La mappa dell'esodo leghista. Da Nord a Sud è fuga da Salvini

Carmelo Caruso

Lo ripudiano i leghisti che non accettano di passare per anti vaccinisti e quelli che non credono nei vaccini. Così consiglieri, commissari, dirigenti e militanti abbandonano la nave del Capitano

Lo stanno lasciando solo a Marsala, lo abbandonano a Domodossola, escono dal gruppo a Cagliari, sbattono la porta a Crotone. E poi Bergamo, Todi, Tarquinia, Ascoli, Palermo, Trento… Matteo Salvini come la chiama questa fuga di consiglieri, commissari, dirigenti e militanti? Cosa vuole fare? Continuare a dire che è tutta una fantasia o intende riflettere su questo grande esodo, su questa ribellione?
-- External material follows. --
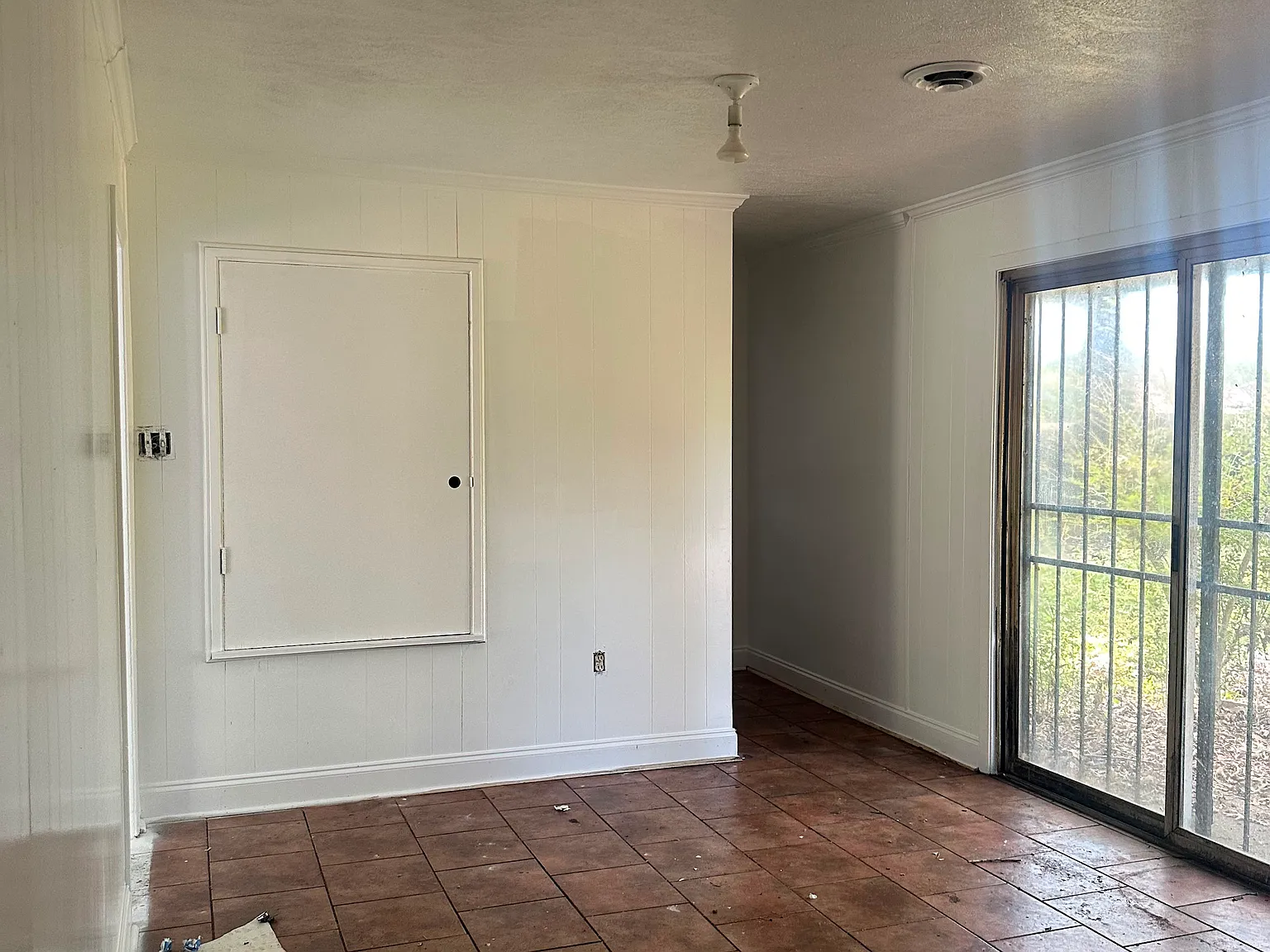 3 bed, 1214 sqft, $1,100 — Photo 2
Ecco qual è il risultato della sua ambiguità: lo ripudiano i leghisti che non accettano di passare per anti vaccinisti e i leghisti che non credono nei vaccini. Quello che si propone non è altro che un piccolissimo elenco, un carotaggio, di chi è salito sul gommone di Giorgia Meloni, ex salviniani che si sono rifugiati nella striscia del gruppo misto.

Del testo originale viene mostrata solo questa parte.